Like it or not, God loves us.  But that forces a decision.  Will we turn to God, to light to love?  Will we follow his Son?  Or will we turn to darkness?  God's love for the world has been made flesh and blood in Jesus?  But will we follow?

I read a wonderful short story called The Geese and the Snowstorm.  It tells the story of a man who didn't believe in God; he wanted nothing to do with God.   He thought the idea of God becoming human was a ridiculous notion.  No true God would ever become a human.  It just didn't make sense.  Yet his wife believed, and she raised her children in faith.  One Sunday, when the rest of his family were at church, it began to snow.  The man settled in by the warm fire, when he heard a thump and a thud against the house.  He went outside and saw a flock of geese that had gotten caught in the snowstorm.  They seemed confused and unsure about what to do or where to go.  The man realized without help they wouldn't survive.  He didn't want them to suffer, so he opened his barn doors and tried to shoo them inside to its safety.  But every move he made toward them sent them scattering in fear.  He was desperate; he kept trying to think of some way that he could entice them to follow him.  Finally he cried out, "Oh, if only I could become like them.  Then they wouldn't be scared of me.  Then they would follow me into the barn where they would be safe."

If only I could become like them, then they would follow me.  The man realized what he's said.  Suddenly God becoming like us didn't sound ridiculous at all.  The story ends with him dropping to his knees in the snow and praying.

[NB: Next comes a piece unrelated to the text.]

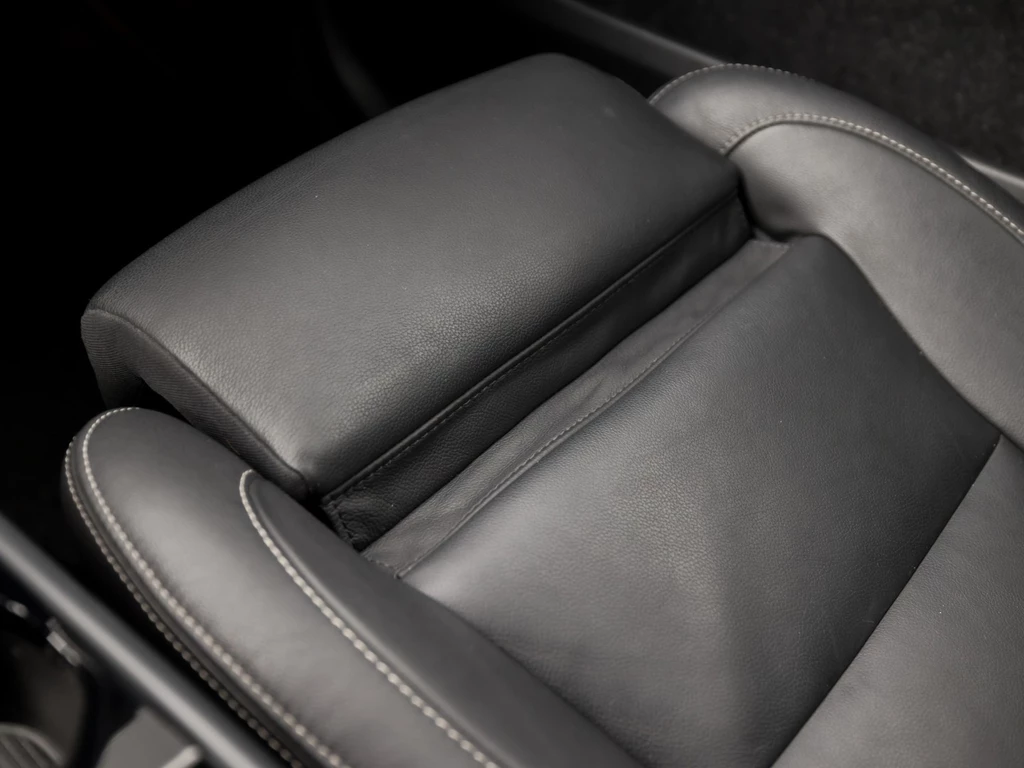 Volvo XC40 – foto 17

I realize that's a pretty dramatic moment, and I'm sure some would consider the man born again.  I guess in some ways he was, because it was a moment of acceptance.  But maybe being born again isn't so much one moment of acceptance, but many moments -- both dramatic and ordinary -- when we see and feel and comprehend God's love. We have those moments when we understand, we get it, that we are loved by God unconditionally, like it or not.  And in those moments we choose and re-choose to follow.  We are born again and again and again because God loves us, loves the world, like it or not.  And in God's unconditional, sacrificial love, we find our hope, we make our way, we are born again.  Let all God's children say, "Amen."